How did you clean the plenum and the motor? Solvent? Did you use the dremel tool to get it off? I noticed a leak the other day and I"m trying to gauge if I should take it on. I've only started working on this truck 1 1/2 years ago.
I haven’t read this old thread, but It is unusual for plenums to leak. The only way to confirm there is a leak is by doing a boost leak test. Is that what you did?
on edit: After removing plenums, I stuff a towel in each head to collect debris, then scrape most of the old sealant off with scraper tools. Then a wire wheel on a drill and finally solvent (brake cleaner). Vacuum as much as you can before removing towels and then vacuum intake ports for good measure.
How did you clean the plenum and the motor? Solvent? Did you use the dremel tool to get it off? I noticed a leak the other day and I"m trying to gauge if I should take it on. I've only started working on this truck 1 1/2 years ago.
I just did my plenums on Tuesday. I replaced mine with RiffRaff billet plenums though. I removed most of the wire harness, to make room to get in there. After removing the Y pipe, I removed the UVCH plugs, IPR plug, CPS plug, Oil temp Plug, IAH plug, alternator connections, and all the connections form the turbo and turbo pedestal will also have to be removed to give you the slack you need to pull the harness back and out of the way. Once this is done, remove your Glow plug solenoid bracket, or the Control module on some trucks from the pass/side plenum and pull the harness back out of the way. (IN MY CASE ONLY BECAUSE I WAS NOT GOING TO REUSE THE OEM PLEUNUMS, SO IT DIDN'T MATTER IF IT GOT BENT IN THE PROCESS). Once I removed the bolts on the Pass/Side I also removed the Hp Oil X over line, pry up the plenum slightly and twist the entire plenum counter clock wise. This broke loose the last bolt under the HPOP on the pass side. I was now able to use an opened end wrench to loosen the bolt enough, to pull out the plenum. I then used a Sawzall to cut the head off the bolt and remove the left over stud. Once I removed the plenums, I stuffed rags in the runners and covered the plenums with duct tape to keep any trash or debris out until I was ready to reinstall the Riffraff plenums. But God forbid you drop a socket or a nut and it falls in the exposed runner. Not good at all. I have a T4 turbo and Reg/Return system, so I did have to remove the fuel lines get access in there as well. I'll be honest, it is a lot of work, but I feel it's worth it, and more so if you've got a leak.
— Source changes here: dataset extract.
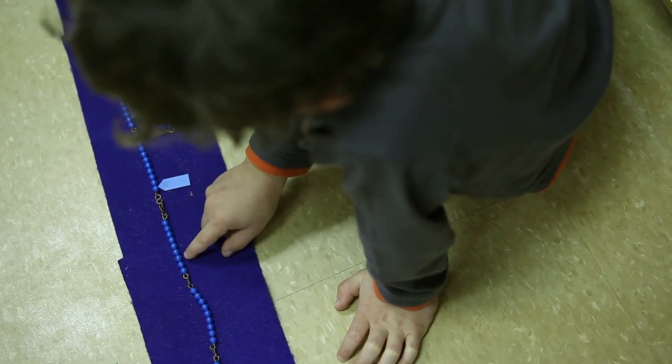The Montessori child not only knows how to do math, but knows how to reason, how to abstract, and how to apply their skills to new situations. They become resourceful problem solvers.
I haven’t read this old thread, but It is unusual for plenums to leak. The only way to confirm there is a leak is by doing a boost leak test. Is that what you did?
on edit: After removing plenums, I stuff a towel in each head to collect debris, then scrape most of the old sealant off with scraper tools. Then a wire wheel on a drill and finally solvent (brake cleaner). Vacuum as much as you can before removing towels and then vacuum intake ports for good measure.
I did not do a boost leak test. I don't even know how to perform that test. I noticed some oil on the plenum and intake boot on the driver side. Several of the turbo boot locations are a little dirty. Could it be the boot that is leaking instead? I've been trying to diagnose a loss of power and increased EGT's. The problem is intermittent and can change from day to day. It's most noticeable when under a load (Towing or climbing hills, THey don't even need to be big hills). I feel the throttle response is a bit slow. It can idle rough at times and has an increased idle during warm up. I have my suspicions that it may be the IPR but I"m exploring all options before ordering that expensive part. or the fuel pump for that matter. The IPR however where the wire connects is loose and can move within the housing from side to side. I'm just trying to learn anything I can.
I did not do a boost leak test. I don't even know how to perform that test. I noticed some oil on the plenum and intake boot on the driver side. Several of the turbo boot locations are a little dirty. Could it be the boot that is leaking instead? I've been trying to diagnose a loss of power and increased EGT's. The problem is intermittent and can change from day to day. It's most noticeable when under a load (Towing or climbing hills, THey don't even need to be big hills). I feel the throttle response is a bit slow. It can idle rough at times and has an increased idle during warm up. I have my suspicions that it may be the IPR but I"m exploring all options before ordering that expensive part. or the fuel pump for that matter. The IPR however where the wire connects is loose and can move within the housing from side to side. I'm just trying to learn anything I can.
Ok, I have some suggestions - will you start another thread about your truck so your symptoms and repairs can help others?
I’ll post again in ‘your thread’, but drive pressure (up-pipe) leaks are the most common reason for these trucks to lose power and MPG while making higher EGT. The oil on and in boots is normal.
I don't know how to start a thread. I was however in there on a start up the other day and noticed a little smoke coming from back where the turbo is. Not enough to identify where it was coming from exactly and it stopped after a bit of running.
I don't know how to start a thread. I was however in there on a start up the other day and noticed a little smoke coming from back where the turbo is. Not enough to identify where it was coming from exactly and it stopped after a bit of running.
From the 99-03 sub forum click on ‘post new thread’.
Not sure what that looks like on PC. @Sous can be more help there.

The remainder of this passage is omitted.